Soon after Singapore’s independence in 1965, the first Prime Minister, Mr. Lee Kuan Yew, initiated the first “call-up” of 9,000 youths for the new nation on 21 Feb 1967. All 18-year-old male Singapore citizens and permanent residents would be called up for National Service (NS). As this was a conscript, allowances were paid instead of a full salary.

The starting NS allowance, for a recruit, in 1967 was S$40 per month. http://www.mindef.gov.sg/dam/publications/eBooks/Featured/shouldertoshoulder.pdf.

Fast-forward 30 years to 1997. This was a special year as it marked the 30th anniversary of National Service in Singapore.  It was significant to me for another reason – I was drafted into National Service.

I remember receiving my first NS salary, as a recruit, of SGD240. That sure was not a lot. The money went towards paying for transport, food and perhaps a night at the cinema during the weekend, when we got to “book out” of the training camp.

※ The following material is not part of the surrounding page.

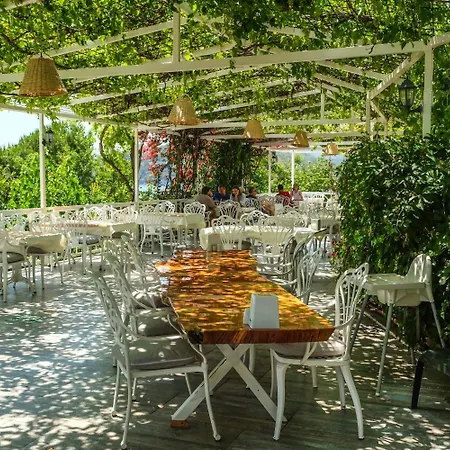 Seyir Beach Hotel-2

The rest would go into savings and I did not have to pay Income Tax.

Receiving the allowance was easy; it was paid by direct deposit into the Serviceman’s Post Office Saving Bank (POSB) account.

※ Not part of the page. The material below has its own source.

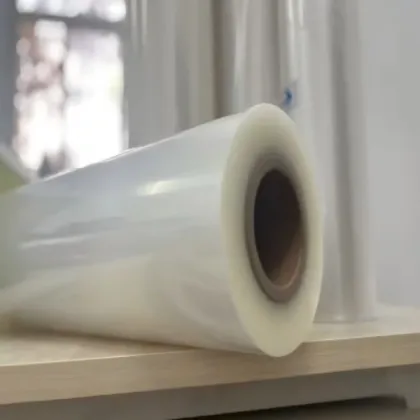 Co-Extruded PA/PE Film for Packaging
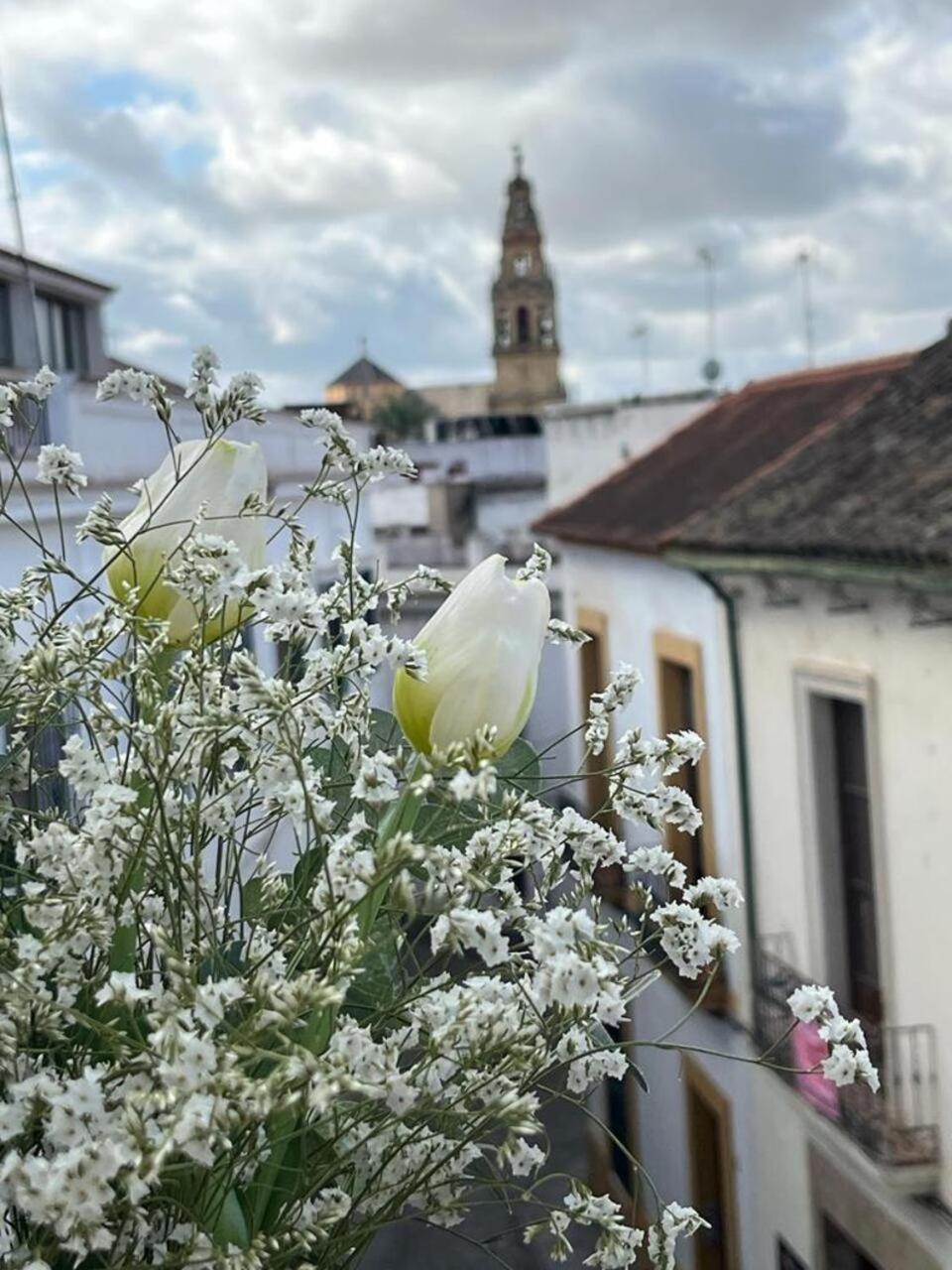 Apartamento El Balcon De La Torre *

Over the years, adjustments were made to the NS allowance. Small increments were done, both to the starting allowance as well as to the vocational and rank pay. http://www.mindef.gov.sg/imindef/press_room/official_releases/sp/2012/06mar12_speech2/06mar12_fs3.html#.VFCQ0_mUc4Q

A NS allowance review was completed in 2009. During this review, allowances were increased by S$20. In 2012, to commemorate the 45th anniversary of National Service in Singapore, S$50 vouchers were given to full-time NS man. As part of the 2012 allowance review, an S$60 increase was made across all ranks. This latest update for an NS recruit allowance is $480. 

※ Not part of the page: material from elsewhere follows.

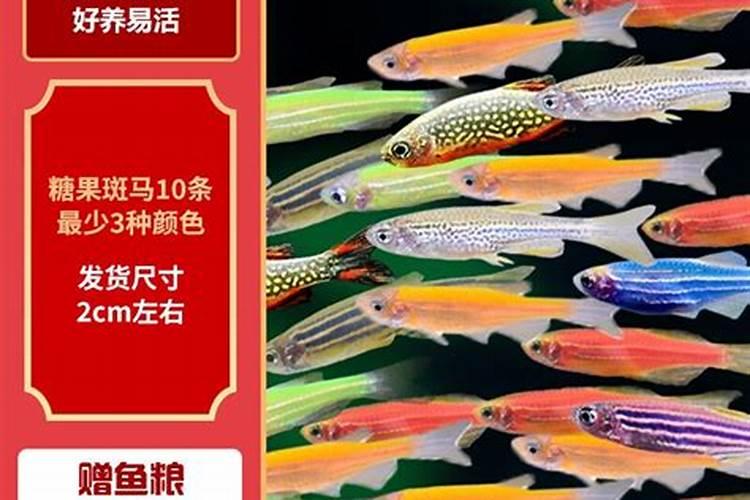 氮磷钾肥和硫酸钾肥种生姜那个好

http://www.mindef.gov.sg/imindef/press_room/official_releases/nr/2012/oct/22oct12_nr/22oct12_fs.html#.Ukk3Nj__Hx8.  More recently, The Committee to Strengthen National Service (CSNS) began reaching out to Singaporeans to gather feedback on National Service. Some of the suggestions heard were to provide a fortnightly allowance instead of a monthly allowance. The Committee is expected to take into account the suggestions from the focus-group discussions and issue a report to the government in 2014.

And if you ask me if there is one thing I still miss about the NS allowance, my reply would be, “Sure there is…I did not have to pay Income Tax”.